How the runs were collected

One prompt — “Best way to manage back pain after an injury at work.” — was sent to 24 commercially-available LLMs through the local Choir CLI on 2026-05-10. Default per-model temperature (0.7 for most; 1.0 for the GPT-5 family, which rejects 0.7 with HTTP 400). All 24 calls succeeded after one retry of the three GPT-5 variants. The full Choir run id is 8E42DC09.

How the rubric was built

Each response was scored 1–5 on six axes: triage (red-flag coverage), specificity (concrete instructions), workplace (employment-scope coverage), trajectory (time-phase structure), calibration (hedging fit), and personalization (empathy + follow-up). Overall is the mean of the six. Scoring was single-rater after reading a 654-line compact anchor view of all responses plus the full text of any outlier the metric extractor flagged.

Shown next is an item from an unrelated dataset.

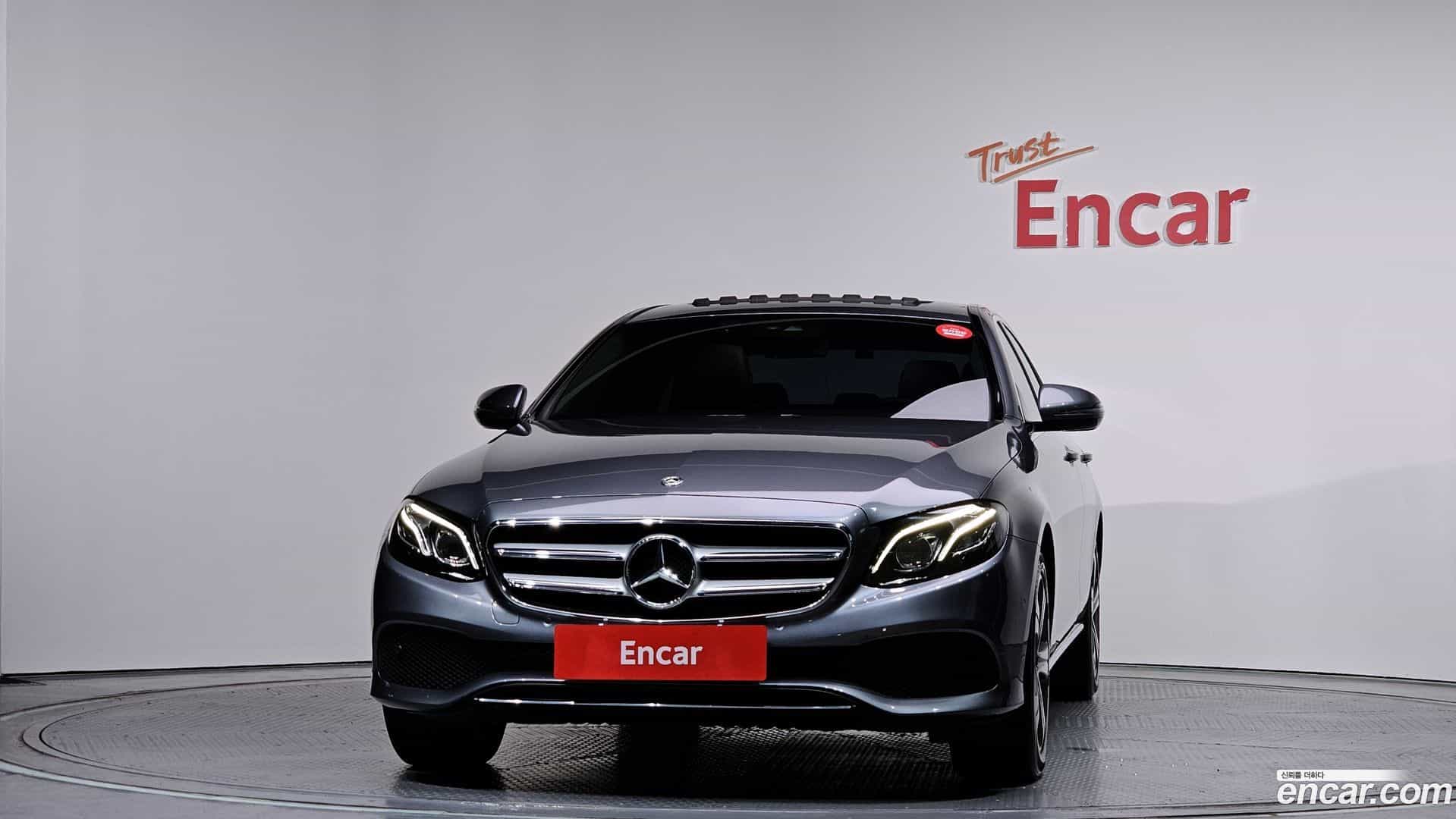 E-Class Mercedes-Benz 2018.11-OUTER-003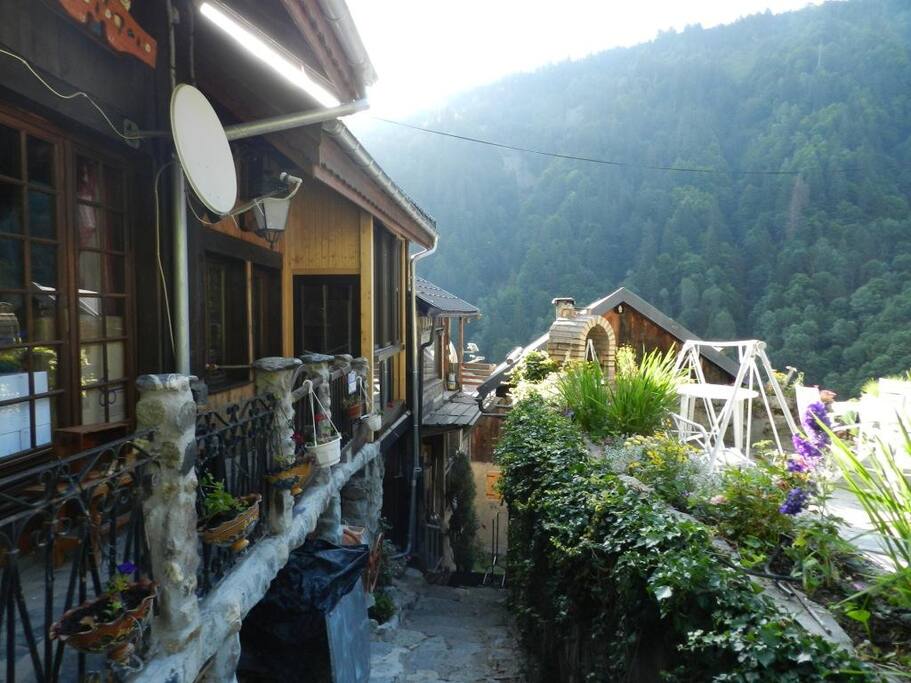 Ruelle et balcon d´accès au chalet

How divergences were surfaced

Each response was hashed into a 6-dim feature signature (length, opening register, red-flag position, workers’-comp Y/N, specificity Y/N, asks-follow-up Y/N). Singleton signatures — responses occupying a bucket of one — were inspected for the “style standouts” section above. One cross-vendor signature (OpenAI o3, o3 Pro, xAI Grok 3 Beta) emerged: the “detached doctor” archetype, a long clinical answer with no workers’-comp phrase and no follow-up question.

Limitations

  • Single rater. An independent rater would likely shift some sub-scores by ±1 without changing the rank order.
  • Single prompt phrasing. A different framing (“I hurt my back at work yesterday—what do I do?”) could shift the empathy and specificity distributions noticeably.
  • Single temperature per model. Per-model variance across temperatures is unmeasured here.
  • U.S.-centric vocabulary. “Workers’ compensation” and “OSHA” are American terms; a UK or Australian reader would expect different framings.
  • Snapshot of the corpus on 2026-05-10. Models drift; any specific model’s behavior may have moved by the time you’re reading this.

Source artifacts

The companion Choir_Comparison_Study.docx contains the longer paper. The Choir_Comparison_Scoring.xlsx workbook has eight sheets including all per-model metrics and the feature-bucket table. Per-model markdown responses live in responses/; the analysis scripts live in analysis/. The full Choir CLI run (with the original retry attempts) is in raw_run.json.